A verbatim restatement of the data, free of pictures, is what you should output.
··· Supplied data ···
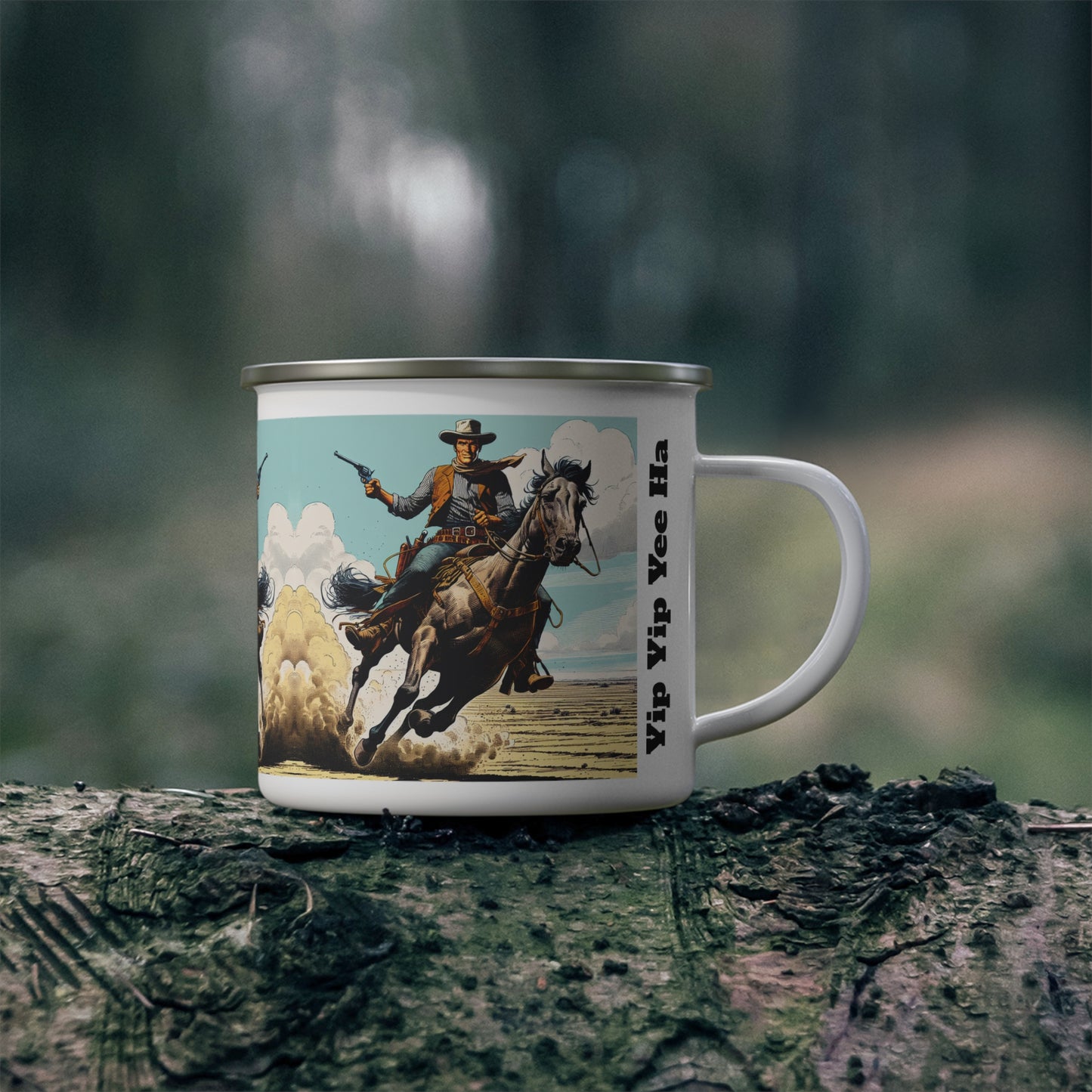 Enamel Mug - Old Cow Poke Riding and Roping Design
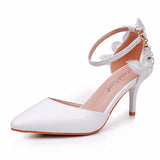 Breakj Lace Flower Wedding Shoes One-Word Wristband Bridal Shoes Fine Heel Sharp Wedding Shoes Women Sandals Car Show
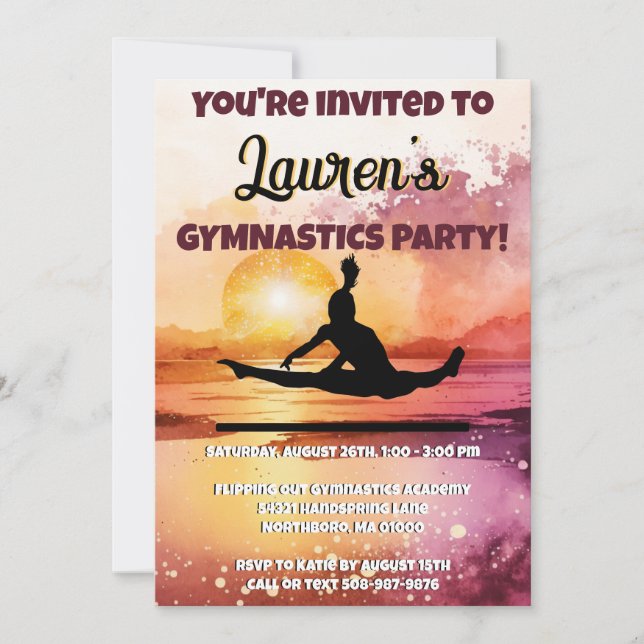 Girls Gymnastics Sunset Beach Geburtstag Einladung (Vorderseite)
···
Answer box:
 Enamel Mug - Old Cow Poke Riding and Roping Design
 Breakj Lace Flower Wedding Shoes One-Word Wristband Bridal Shoes Fine Heel Sharp Wedding Shoes Women Sandals Car Show
 Girls Gymnastics Sunset Beach Geburtstag Einladung (Vorderseite)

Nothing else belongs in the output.